You are viewing a plain text version of this content. The canonical link for it is here.
Posted to user@cassandra.apache.org by Kevin Burton <bu...@spinn3r.com> on 2014/07/25 20:08:46 UTC

Does SELECT … IN () use parallel dispatch?

Say I have about 50 primary keys I need to fetch.

I'd like to use parallel dispatch.  So that if I have 50 hosts, and each
has record, I can read from all 50 at once.

I assume cassandra does the right thing here ?  I believe it does… at least
from reading the docs but it's still a bit unclear.

Kevin

-- 

Founder/CEO Spinn3r.com
Location: *San Francisco, CA*
blog: http://burtonator.wordpress.com
… or check out my Google+ profile
<https://plus.google.com/102718274791889610666/posts>
<http://spinn3r.com>

Re: Does SELECT … IN () use parallel dispatch?

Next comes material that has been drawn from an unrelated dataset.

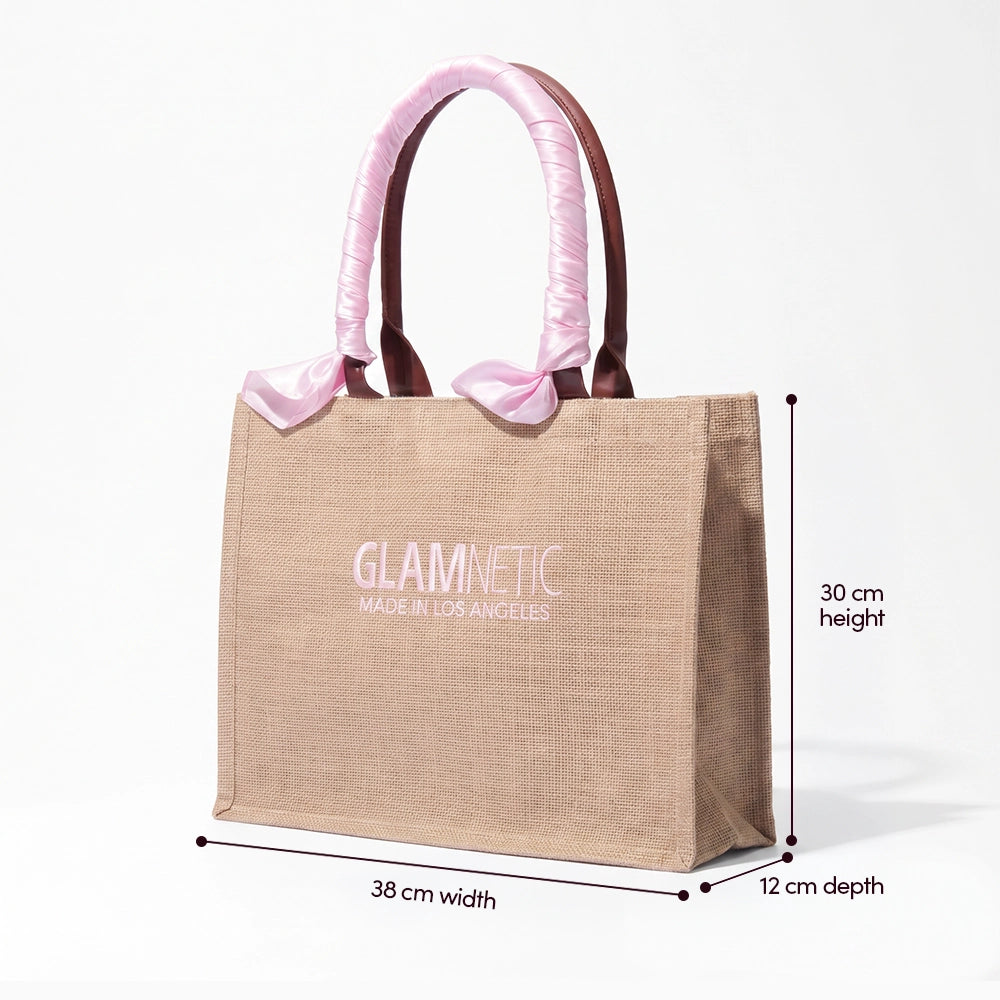 The glamnetic Free Tote Bag ($85+ GWP) is beige with pink satin-wrapped handles and "GLAMNETIC" plus "MADE IN LOS ANGELES" on the front. Size: 38 cm wide, 30 cm high, 12 cm deep. - Product image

Posted by Kevin Burton <bu...@spinn3r.com>.
On Fri, Jul 25, 2014 at 11:14 AM, DuyHai Doan <do...@gmail.com> wrote:

> Nope. Select ... IN() sends one request to a coordinator. This coordinator
> dispatch the request to 50 nodes as in your example and waits for 50
> responses before sending back the final result. As you can guess this
> approach is not optimal since the global request latency is bound to the
> slowest latency among 50 nodes.
>
>
Maybe it's the wording but it sounds like the coordinator is doing parallel
dispatch?

Kevin

-- 

Founder/CEO Spinn3r.com
Location: *San Francisco, CA*
blog: http://burtonator.wordpress.com
… or check out my Google+ profile
<https://plus.google.com/102718274791889610666/posts>
<http://spinn3r.com>

Re: Does SELECT … IN () use parallel dispatch?

Posted by "Laing, Michael" <mi...@nytimes.com>.
Except then you have to merge results if you want them ordered.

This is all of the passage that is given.